Results and discussion

Additional information on results:

RESULTS OF RANGE-FINDING STUDY
- Dose range: 3.0 g/Kg single intraperitoneal injection
- Clinical signs of toxicity in test animals: mortality observed in 1 of 4 male rats
- Evidence of cytotoxicity in tissue analyzed: Not reported
- Rationale for exposure: Not reported
- Harvest times: 24 hours


RESULTS OF DEFINITIVE STUDY
- Types of structural aberrations for significant dose levels (for Cytogenetic or SCE assay): a small number of gaps and breaks were observed at all dose levels tested
- Statistical evaluation: At 24 hours, the percentage of chromosome aberrations was 0 (vehicle control); 0.2 (API 83-11 - 3.0 g/Kg); 0.2 (API 83-11 - 1.0 g/Kg); 0 (API 83-11 - 0.3 g/Kg); and 35.4 (positive control). The number of aberrations per cell at 24 hours was 0 (vehicle control); 0.004 (API 83-11 - 3.0 g/Kg); 0.002 (API 83-11 - 1.0 g/Kg); 0 (API 83-11 - 0.3 g/Kg); and 2.358 (positive control)

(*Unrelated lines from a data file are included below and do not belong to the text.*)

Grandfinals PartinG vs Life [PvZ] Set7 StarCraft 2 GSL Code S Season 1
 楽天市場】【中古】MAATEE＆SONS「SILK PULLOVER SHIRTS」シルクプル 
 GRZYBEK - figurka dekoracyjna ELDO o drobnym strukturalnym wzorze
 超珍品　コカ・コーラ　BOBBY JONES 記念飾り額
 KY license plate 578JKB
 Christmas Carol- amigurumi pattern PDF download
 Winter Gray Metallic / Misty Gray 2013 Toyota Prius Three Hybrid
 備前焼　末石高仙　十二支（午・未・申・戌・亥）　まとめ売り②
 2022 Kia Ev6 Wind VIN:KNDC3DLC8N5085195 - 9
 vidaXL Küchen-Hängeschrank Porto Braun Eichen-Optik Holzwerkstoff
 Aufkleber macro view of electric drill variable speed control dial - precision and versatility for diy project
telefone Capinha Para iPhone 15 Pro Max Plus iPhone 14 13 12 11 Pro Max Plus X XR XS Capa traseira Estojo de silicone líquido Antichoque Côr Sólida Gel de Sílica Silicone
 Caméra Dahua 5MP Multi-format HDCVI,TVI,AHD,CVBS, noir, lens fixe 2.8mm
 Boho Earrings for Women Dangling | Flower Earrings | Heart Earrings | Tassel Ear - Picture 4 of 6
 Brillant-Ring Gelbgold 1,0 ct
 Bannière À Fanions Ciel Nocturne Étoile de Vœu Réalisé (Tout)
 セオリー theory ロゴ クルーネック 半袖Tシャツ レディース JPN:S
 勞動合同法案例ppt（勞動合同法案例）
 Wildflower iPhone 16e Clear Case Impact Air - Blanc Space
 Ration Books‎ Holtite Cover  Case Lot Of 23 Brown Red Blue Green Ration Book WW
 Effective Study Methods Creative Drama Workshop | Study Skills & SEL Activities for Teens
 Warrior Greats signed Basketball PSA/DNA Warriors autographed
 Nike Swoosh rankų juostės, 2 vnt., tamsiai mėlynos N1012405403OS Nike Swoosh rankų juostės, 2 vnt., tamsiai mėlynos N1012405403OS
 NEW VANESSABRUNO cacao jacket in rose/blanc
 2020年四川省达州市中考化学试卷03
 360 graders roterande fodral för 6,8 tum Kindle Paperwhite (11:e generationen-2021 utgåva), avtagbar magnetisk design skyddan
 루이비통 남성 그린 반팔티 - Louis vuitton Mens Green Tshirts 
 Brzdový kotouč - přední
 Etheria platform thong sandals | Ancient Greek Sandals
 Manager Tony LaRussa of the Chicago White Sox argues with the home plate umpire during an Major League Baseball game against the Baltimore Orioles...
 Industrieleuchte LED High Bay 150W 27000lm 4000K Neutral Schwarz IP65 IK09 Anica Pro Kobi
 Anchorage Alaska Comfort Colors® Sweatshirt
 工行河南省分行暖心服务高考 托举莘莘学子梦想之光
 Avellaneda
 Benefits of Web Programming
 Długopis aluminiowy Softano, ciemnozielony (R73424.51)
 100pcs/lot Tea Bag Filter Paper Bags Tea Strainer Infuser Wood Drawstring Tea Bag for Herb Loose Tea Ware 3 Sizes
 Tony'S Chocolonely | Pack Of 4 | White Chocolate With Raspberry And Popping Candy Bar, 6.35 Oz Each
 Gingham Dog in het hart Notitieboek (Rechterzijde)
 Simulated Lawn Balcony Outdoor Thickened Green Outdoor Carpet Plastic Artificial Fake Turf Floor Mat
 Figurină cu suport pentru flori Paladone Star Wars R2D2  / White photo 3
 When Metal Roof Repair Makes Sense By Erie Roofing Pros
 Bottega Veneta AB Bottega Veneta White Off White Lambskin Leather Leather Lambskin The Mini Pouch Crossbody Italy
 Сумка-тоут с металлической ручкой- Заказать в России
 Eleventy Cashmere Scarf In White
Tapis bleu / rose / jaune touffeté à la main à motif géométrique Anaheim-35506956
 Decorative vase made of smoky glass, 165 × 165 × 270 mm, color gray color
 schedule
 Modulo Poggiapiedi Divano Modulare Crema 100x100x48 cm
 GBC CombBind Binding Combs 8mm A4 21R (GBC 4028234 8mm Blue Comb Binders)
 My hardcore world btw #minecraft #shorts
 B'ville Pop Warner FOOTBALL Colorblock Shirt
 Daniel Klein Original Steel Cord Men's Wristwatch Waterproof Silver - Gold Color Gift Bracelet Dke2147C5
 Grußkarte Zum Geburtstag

Any other information on results incl. tables

A 4% body weight loss was observed in male rats 24 hours post exposure to 3.0 g/Kg and a 2% weight loss in females 48 hours post exposure to 3.0 g/Kg API 83 -11. No mortality or signs of clinical toxicity were observed at any dose level in either sex through the study period.

Applicant's summary and conclusion

Conclusions:

Interpretation of results (migrated information): negative
Under the conditions of the study, Straight run middle distillate did not induce chromosome aberrations in bone marrow cells of male or female rats.

Executive summary:

Justification for Read Across

Compositional and physico-chemical data show that Other Gas Oils are very similar to Straight-Run Gas Oils. It is considered appropriate, therefore, to read across from the SRGO data to Other Gas Oils.

In a bone marrow chromosome aberration assay, 5 Sprague-Dawley rats/sex/dose were treated intraperitoneally with Straight run middle distillate at doses of 0, 0.3, 1.0, or 3.0 g/kg bw. Bone marrow cells were harvested at 6, 24, and 48 hours post-treatment. The vehicle was corn oil.

 

There were no signs of toxicity during the study. The positive control (Triethylenemelamine) induced the appropriate response. There was no significant increase in the frequency of chromosome aberrations in bone marrow after any treatment time.

This study received a Klimisch score of 2 and is classified as reliable with restriction because it is an acceptable and a well-documented study report.